Ultimately, addressing these challenges will require changing government policies, but also significant changes in mindsets and personal behavior. In the end, this will change the economic self-interest of companies and people around the world. With more than a third of the world population living and working on farms, we should not overestimate the enormity of this undertaking.

John Rowe, chairman and CEO, Exelon Corp.

Finding the right response to climate change is an issue I have worked on for more than 15 years. I first testified before Congress on the issue in 1992. In 2004, the bipartisan National Commission on Energy Policy, which I co-chaired, recommended a Cap-and-Trade system. I believe that Cap and Trade is actually the cheapest way of addressing climate change. To minimize the burden on our economy and consumers, we need a market-based approach that rewards and supports the low-cost solutions. Exelon supports Cap-and-Trade legislation because it incentivizes companies like ours to find the cheapest options.

As part of Exelon 2020 – our program to reduce, offset, or displace our entire carbon footprint – we analyzed all the options for reducing CO2 emissions and determined the price per metric ton of CO2 needed to make each option economic. The most cost-effective options are improvements in energy efficiency and capacity expansions at our existing nuclear plants.

Ironically, governmental actions so far tend to subsidize the expensive solutions. For instance, the government has long promoted wind generation, which costs between $45 and $80 per metric ton of avoided CO2 emissions. Federal loan guarantees support new nuclear plants, which are economic at prices of roughly $75 per metric ton of avoided CO2. Coal with carbon sequestration costs $150 per metric ton, and solar costs nearly $700 per metric ton of CO2. Each of these options is ultimately more expensive to American electricity consumers than Cap-and-Trade legislation.

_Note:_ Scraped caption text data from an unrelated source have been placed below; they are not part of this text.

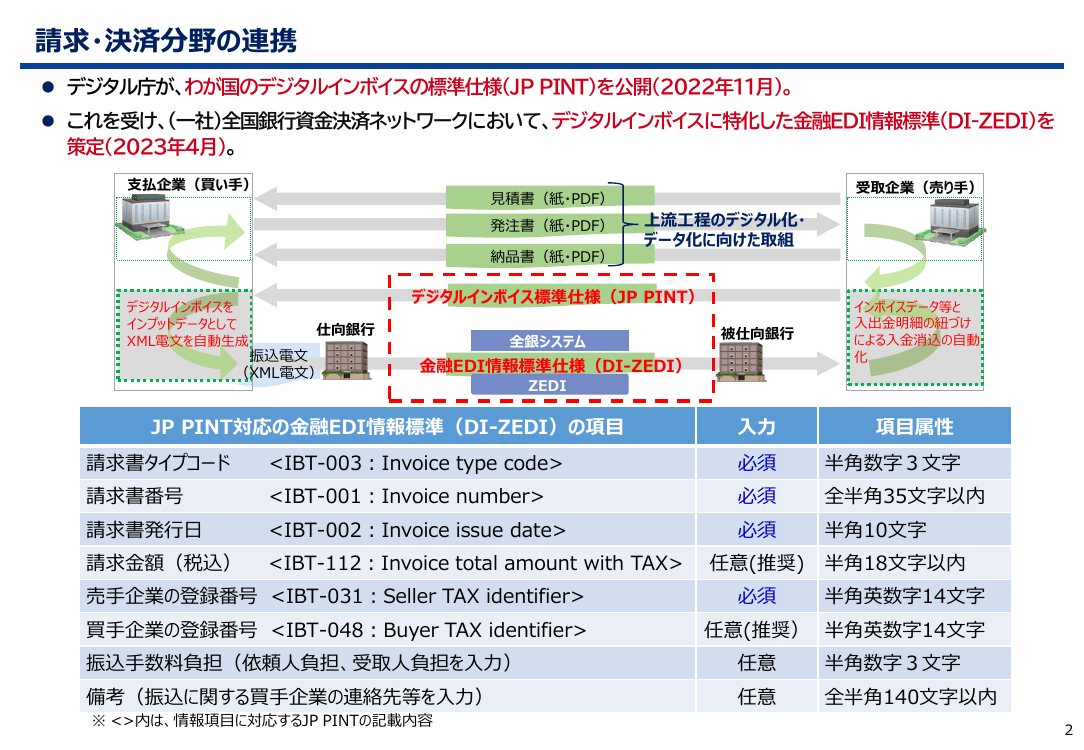 第2回 デジタルインボイスの普及促進 資料スライド 8枚目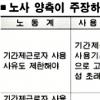비정규직보호법 시행 앞두고 곳곳 마찰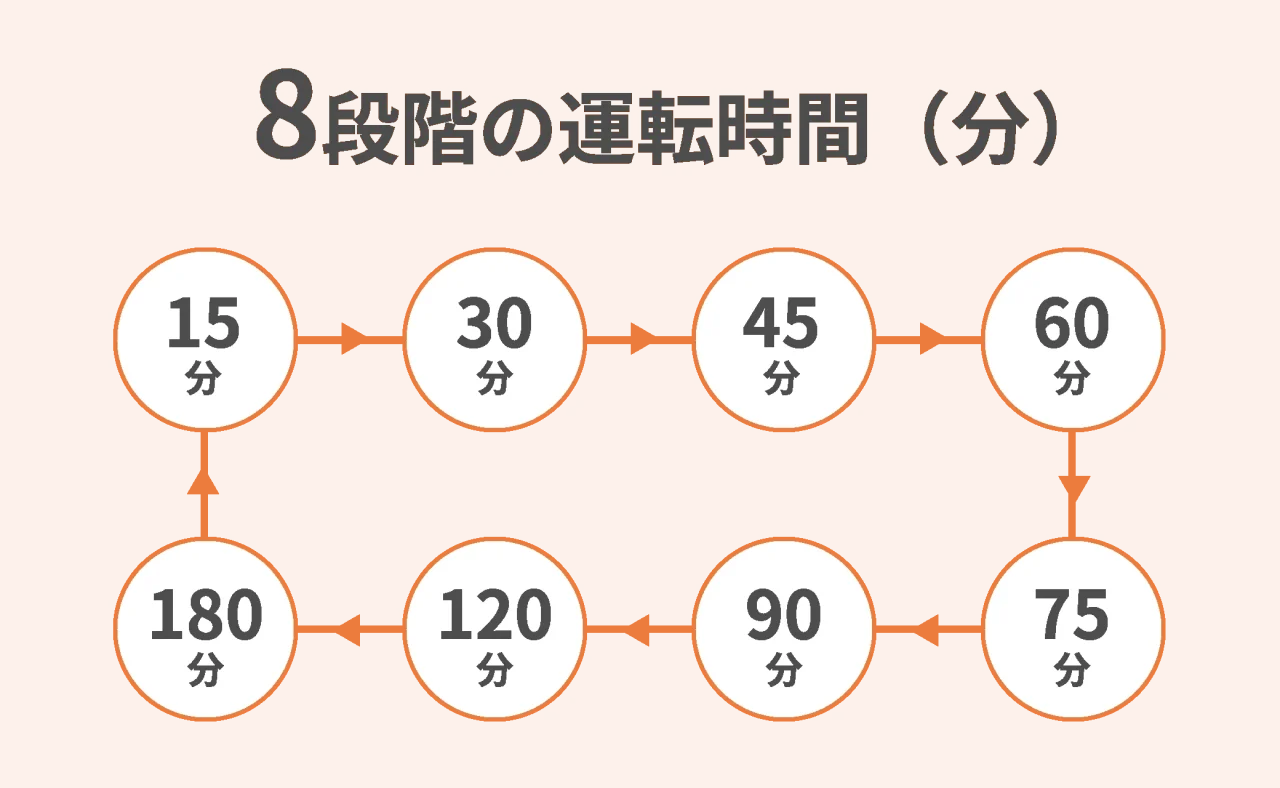 カラリエ ツインノズルの8段階タイマー機能の運転時間設定図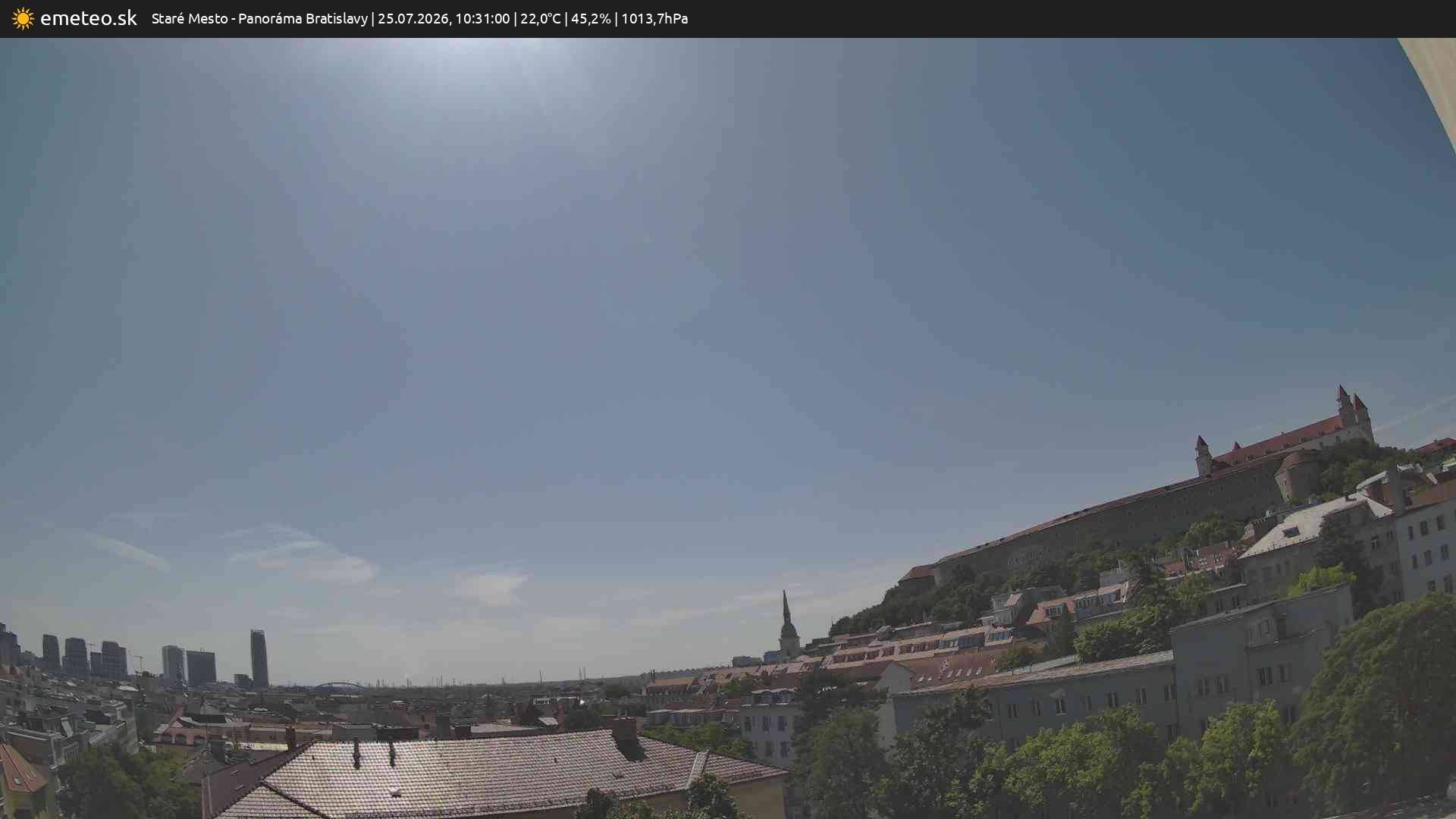 Panoráma Bratislavy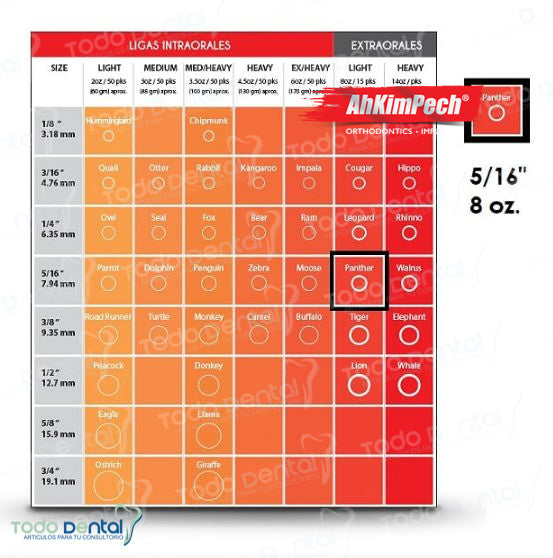 Liga panther 8 oz. 5/16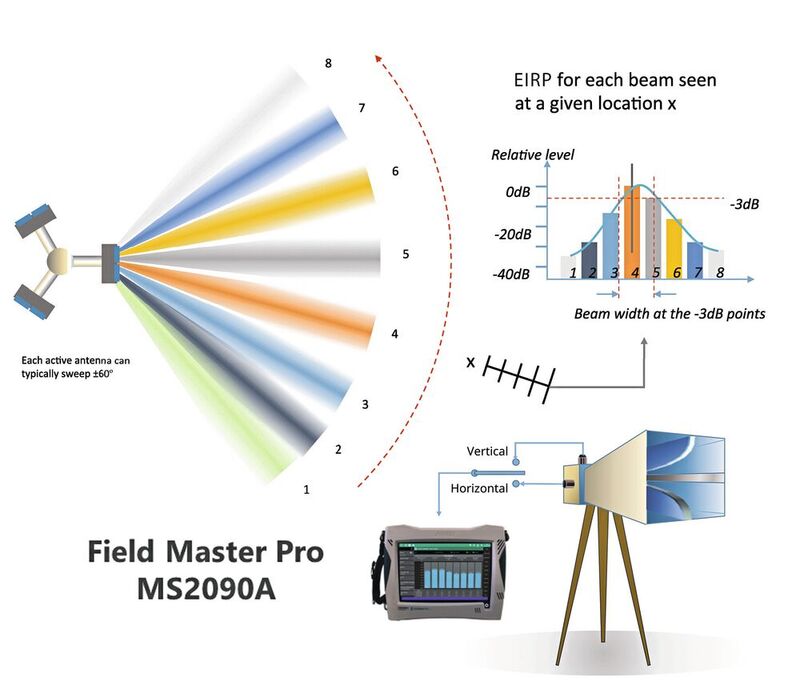 Bild 3: Anritsu Field Master Pro MS2090A. Dabei handelt es sich um einen Spektrumanalysator mit breiter und kontinuierlicher Frequenzabdeckung von 9 kHz bis 54 GHz, ausreichender Analysebandbreite (110 MHz) und niedrigem Grundrauschen (DANL -164 dBm), der 5G-NR-EIRP-Feldmessungen gemäß 3GPP TS38.141 unterstützt.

While addressing climate change will cost money, doing nothing is not an option and, in fact, will cost more. If the U.S. Congress does not act, the U.S. EPA will. The result of such a command-and-control approach will be more arbitrary, more expensive, and more uncertain for investors and industry than a reasonable legislative solution. Furthermore, without prompt action, American companies will be caught in a carbon purgatory: we will lack the legislative certainty we need to make the substantial investments required to move toward a low-carbon future.